Oxford Dictionaries reports that the first known use of the term post-truth was in 1992. But, they say, it “has seen a spike in frequency [in 2016] in the context of the EU referendum in the United Kingdom and the presidential election in the United States.” One British commentator put it this way: “The truth has become so devalued that what was once the gold standard of political debate is a worthless currency.”
How did this come about? After all, facts and rationality have been foundational concepts since the time of the Enlightenment.
A.C. Grayling is a British philosopher and author who believes that post-truth thinking had its roots in the financial collapse of 2008. When people become resentful over their inability to provide for life’s necessities, emotions rise to the surface and dominate. Then, as is said, “the search for someone to blame is always successful.” Immigrants and mainstream politicians can feel the heat, because jobs are taken by what are perceived to be outsiders. Governments are unable to quickly solve the problem of economies in crisis.
Add to this the spread of social media and its immediacy and you have the growing predominance of opinion over fact. In a recent appearance on Sky News, Professor Grayling described the expanding opinion sphere: “What may have happened is social media may have potentiated the opinion sphere, if you like. Everybody’s entitled to an opinion, but suddenly opinions begin to have a lot of traction out there in cyberspace because of people tweeting and putting it up on Facebook and feeling that they are empowered by being able to publish their views.”
With the proliferation of social media, individuals feel an increasing need to express their opinion about everything. The ensuing public debate has become an emotional battlefield.
Given the current social-media climate, it’s no surprise that we’ve entered the era of fake news, when a few false claims on Twitter can be presented as the equivalent of reams of research.

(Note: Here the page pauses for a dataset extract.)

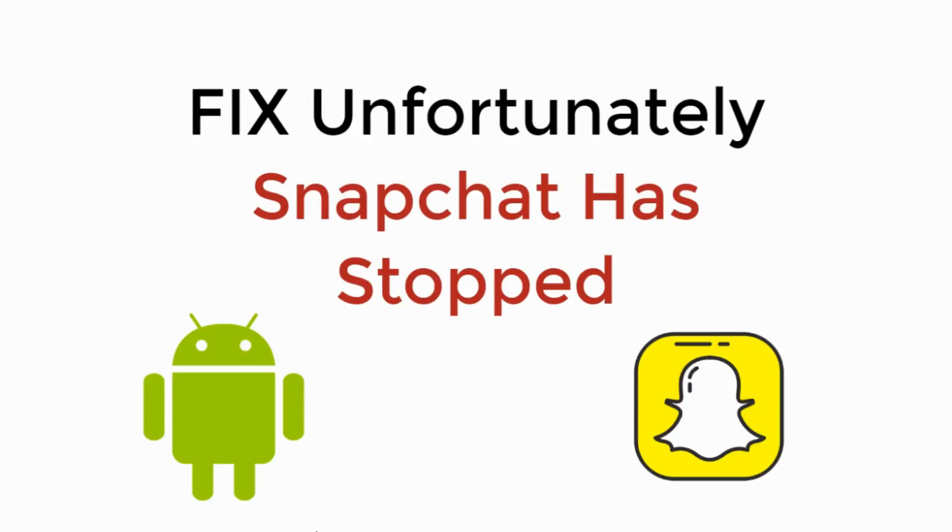In this video we will learn to fix unfortunately Snapchat has stopped. So let's begin.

Grayling further comments that lurking in the background of “post-truth,” we can find postmodernism and relativism. These two approaches teach that there is no such thing as objective truth. Everything is an invented script, a story manufactured by separate but equal individuals. Everything becomes relative. The idea that there can be absolutes, or the true facts of a matter, no longer counts for anything.
Professor Grayling warns that this kind of thinking can lead to the “corruption of intellectual integrity,” resulting in damage to “the whole fabric of democracy.” And so we might ask, has truth become a casualty of wrong thinking?
A similar discussion took place two thousand years ago, as recorded in a well-known biblical account. After being arrested by an angry mob and taken before religious leaders of the day, Jesus Christ was brought before Pontius Pilate, the Roman official governing the province of Judea. Pilate asked Him, “Are You a king . . . ?” Jesus answered, “You say rightly that I am a king. For this cause I was born, and for this cause I have come into the world, that I should bear witness to the truth. Everyone who is of the truth hears My voice.” Pilate then asked dismissively, it seems, “What is truth?” (John 18:35–38).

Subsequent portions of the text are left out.